Sometime before 1924 the Douglas Packing Company had shipped ninety-five barrels of apple cider vinegar to St. Louis. The barrels were labeled "Apple Cider Vinegar Made from Selected Apples," which gave the impression that the vinegar was made using whole, fresh apples. However, the vinegar had actually been made from dried apples that had been soaked in water and then fermented. This process created vinegar that was chemically similar to traditional apple cider vinegar, but the ingredients and method were different.

When the U.S. government learned how the vinegar was made, it seized the barrels and filed a lawsuit under the FDCA, claiming that the label was misbranded. The government argued that the wording on the label was misleading to ordinary consumers, who would assume the vinegar came from fresh apples. The vinegar was safe to eat, but the case wasn't about health: it was about honesty and accuracy in labeling. Thus, this case raised the question of whether a food label can violate the law even if the product is safe and the words are technically true. The government argued that it could if the label gave consumers the wrong idea.

In the initial proceedings, the government alleged that the product was both adulterated and misbranded under the Pure Food and Drug Act. The trial court found that adulteration was not proven but that misbranding was. The trial court's decision was appealed and the finding of misbranding was reversed. The appellate court's decision was appealed again, to the supreme court, which ruled unanimously for the government.

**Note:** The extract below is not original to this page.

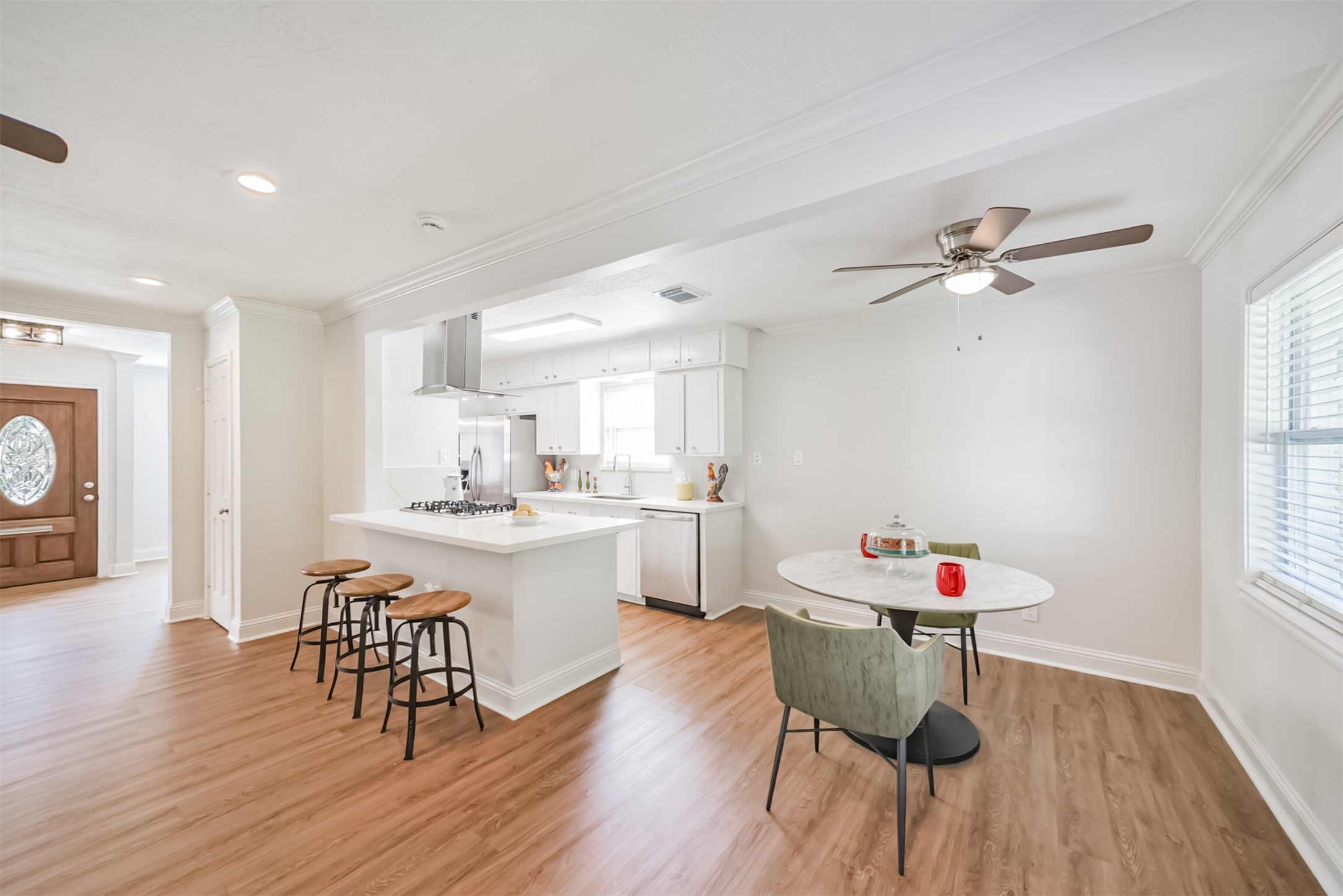 3319 Springrock Lane Houston, TX 77080 - Photo 14 of 41 a view of a dining room with furniture and wooden floor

The evidence showed that, in addition to water used for rehydration, sulfur dioxide (to prevent rot) and barium carbonate (to later remove the sulfur compound) were used in the manufacturing process for vinegar made from dried apples. Chemical analysis yielded similar results for both kinds of apple-based vinegar, other than traces of barium which were not alleged to be harmful. Other than this and the difference in apples, the manufacturing process was the same. The trial judge, who examined samples of the vinegar at issue and apple cider vinegar made from fresh apples, concluded that there were only slight differences in appearance and taste.

==Supreme Court==
There was no claim that vinegar from dried apples was of inferior quality. However, the court found that the dried apple vinegar was not identical to apple cider vinegar as commonly understood—a product made from apple cider, itself necessarily derived from fresh ingredients—and was thus misrepresented. Fresh apples contain the apple juice that is normally used in the production of apple cider vinegar, whereas Douglas Packing introduced water which was not part of the original apples, and not specified on the label. Finally, the court found that the claim that it was made from selected apples misled the reader into thinking that the apples were "chosen with special regard to their fitness" for producing vinegar from cider in the customary way, and exacerbated the misrepresentation. These three issues—an imitation under the same name, false or misleading ingredient listing, and misleading labelling—constituted misbranding under the statute.

==Significance==
The Supreme Court's decision helped clarify how the government can regulate food labels under the Food and Drug Act. The ruling made it clear that a label can be considered misleading even if the words are technically true, especially if it gives consumers a false impression about the product.